Feature Summary Statistics — feature

This function estimates feature statistics for samples in a matrix of 'omics features.

Usage

feature_summary(
  omiprep,
  source_layer = "input",
  outlier_udist = 5,
  tree_cut_height = 0.5,
  feature_selection = "max_var_exp",
  sample_ids = NULL,
  feature_ids = NULL,
  features_exclude = NULL,
  output = "data.frame",
  cores = NULL,
  fast = FALSE
)

## S7 method for class <omiprep::Omiprep>
feature_summary(
  omiprep,
  source_layer = "input",
  outlier_udist = 5,
  tree_cut_height = 0.5,
  feature_selection = "max_var_exp",
  sample_ids = NULL,
  feature_ids = NULL,
  features_exclude = NULL,
  output = "data.frame",
  cores = NULL,
  fast = FALSE
)

Arguments

omiprep: an object of class Omiprep
source_layer: character, the data layer to summarise
outlier_udist: the unit distance in SD or IQR from the mean or median estimate, respectively outliers are identified at.

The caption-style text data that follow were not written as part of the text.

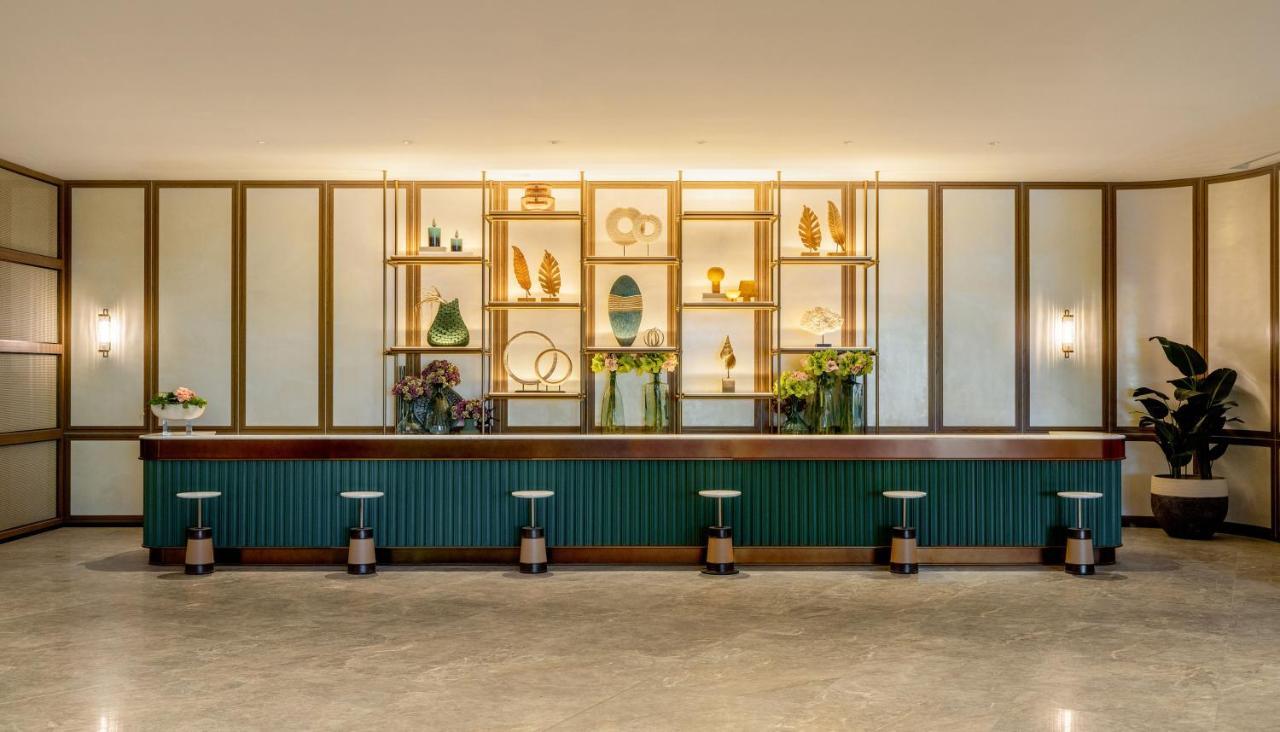 The Fullerton Ocean Park Hotel Hongkong Buitenkant foto The bar at the hotel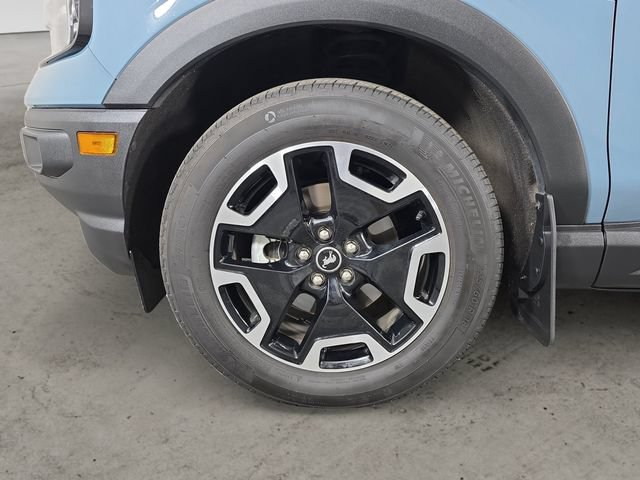 Certified 2023 Ford Bronco Sport Outer Banks w/ Tech Package AWD/4WD image 9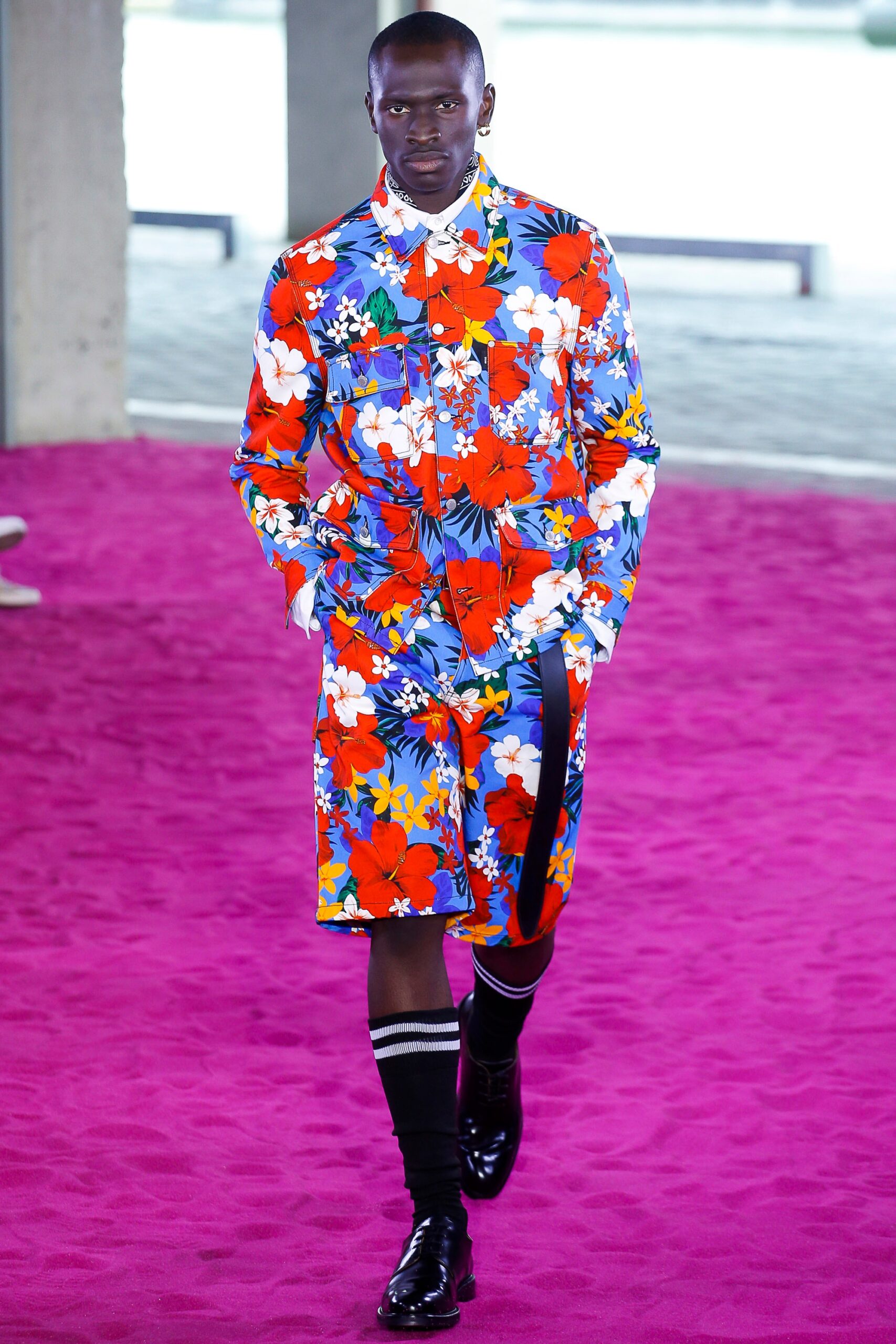 floral shirt and shorts outfit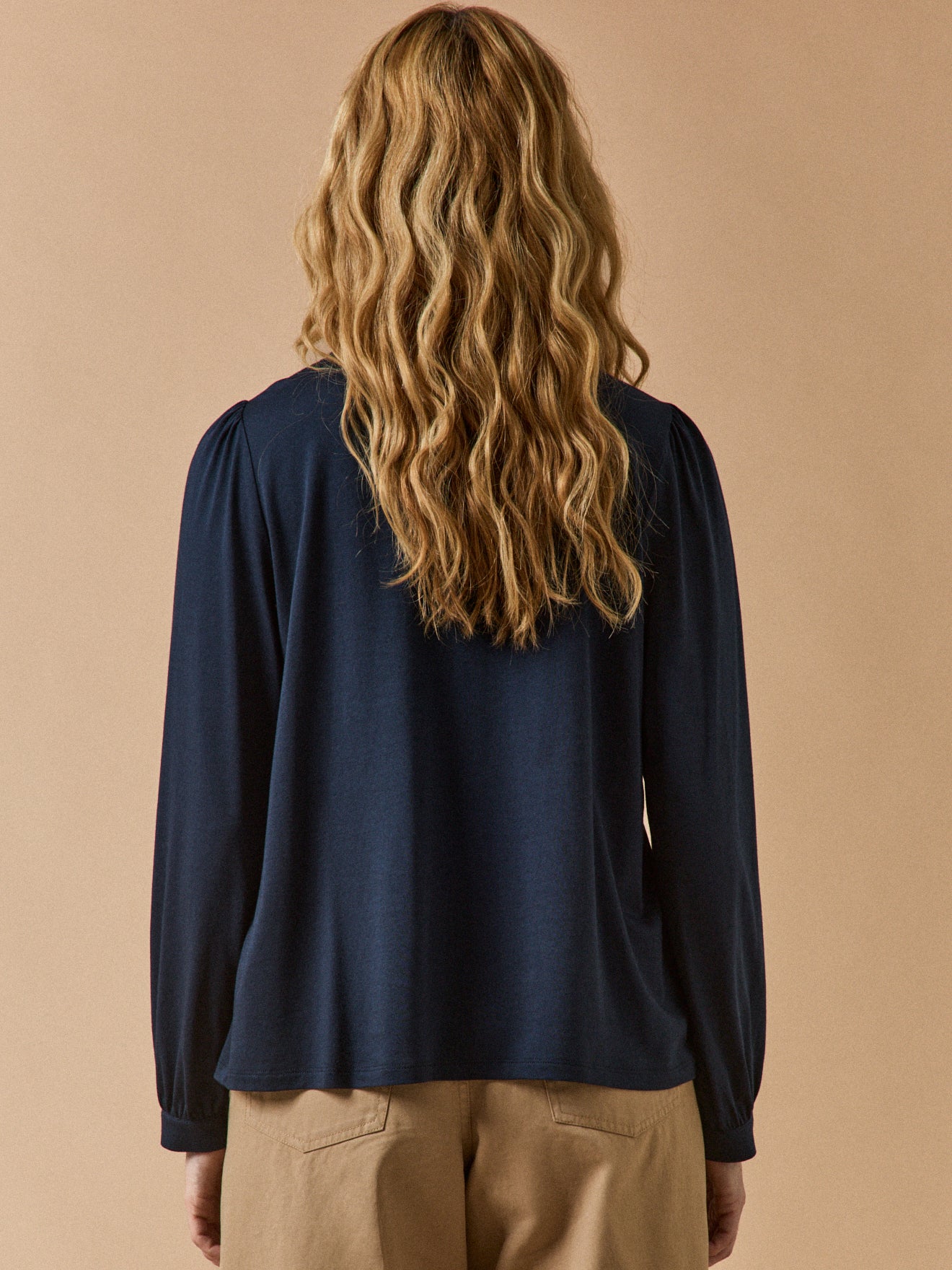 Damesshirt met borduursel en knopen - modal en biokatoen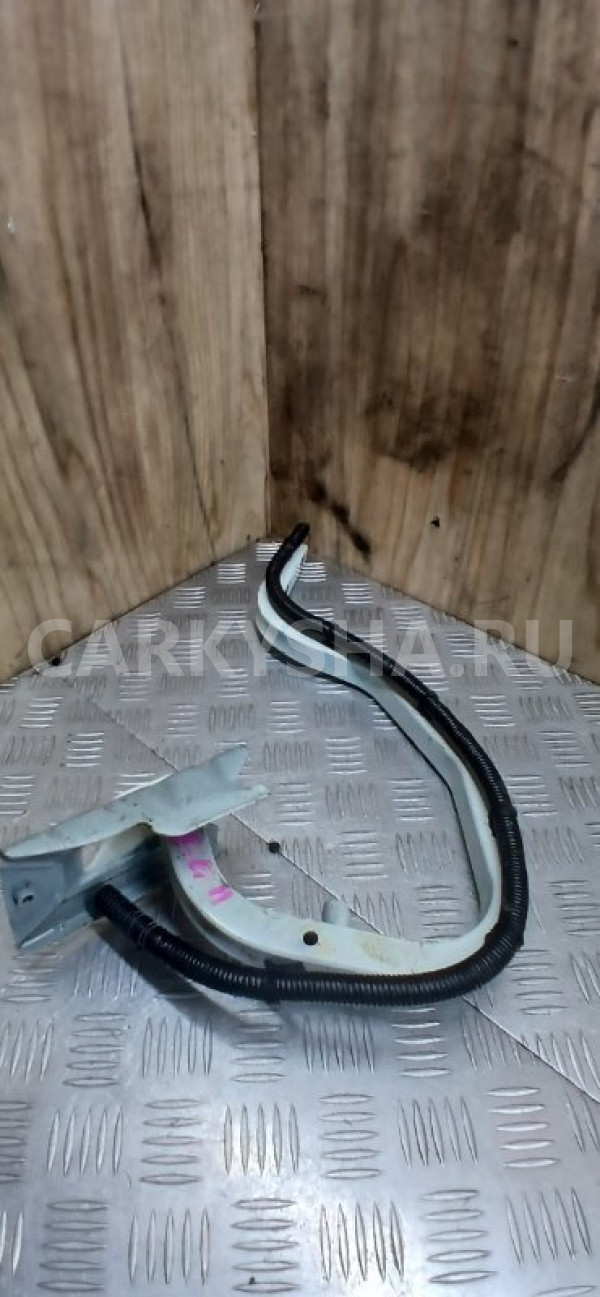 Петля крышки багажника Nissan Bluebird Sylphy 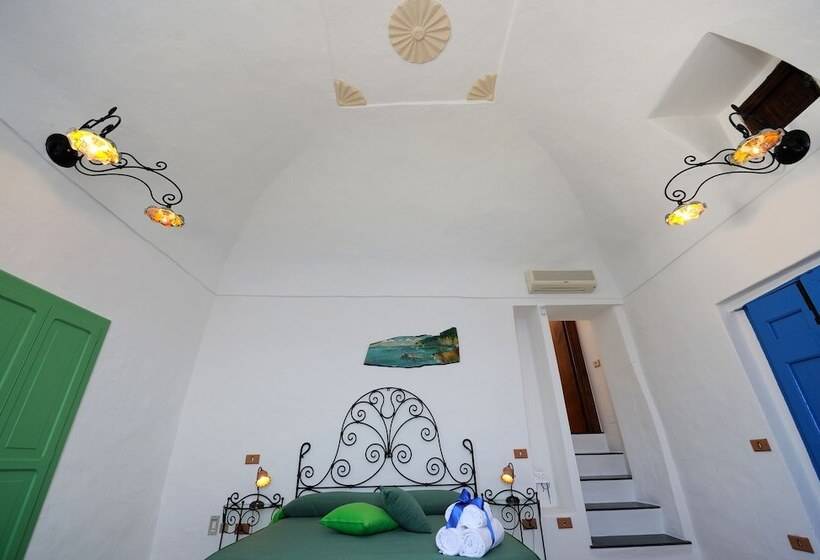 اتاق استاندارد چهار تخته, La Casa Del Melograno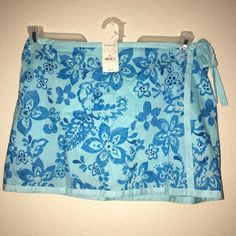 Brand New! Women’s Size 5/6 Two-Toned Blue Wraparound Skirt With Built-In Shorts And Floral Print Black By Express. Blue Swim Skirt With Built-in Shorts, Light Blue Skirted Bottoms For Beach, Light Blue Skirted Beach Bottoms, Blue Short Casual Swim Skirt, Casual Blue Short Swim Skirt, Blue Casual Short Swim Skirt, Fitted Blue Swim Skirt For Spring, Blue Spring Skort With Built-in Shorts, Blue Skort With Built-in Shorts For Spring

Default value is 5.
tree_cut_height: numeric, the threshold for feature independence in hierarchical clustering. Default is 0.5.
feature_selection: character, either 'max_var_exp' or 'least_missingness', how to select the independent feature within clusters
sample_ids: character, vector of sample ids to work with
feature_ids: character, vector of feature ids to work with
features_exclude: character, vector of feature id indicating features to exclude from the sample and PCA summary analysis but keep in the data
output: character, type of output, either 'object' to return the updated metaboprep object, or 'data.frame' to return the data.
cores: number of cores available for parallelism; the default null will try find the maximum available cores - 1; set to 1 for linear, but potentially slow, computation of the correlation matrix.
fast: If TRUE, accelerates correlation computation by imputing missing values to the column minimum, pre-ranking all columns, and computing Pearson correlation on ranked data (approximating Spearman). Substantially faster than exact Spearman at large feature dimensions (\(p > 5000\)) but assumes missing data are missing at random. Features with high missingness will have inflated rank ties at the median (ensure these are filtered out appropriately with the missingness option). Default FALSE.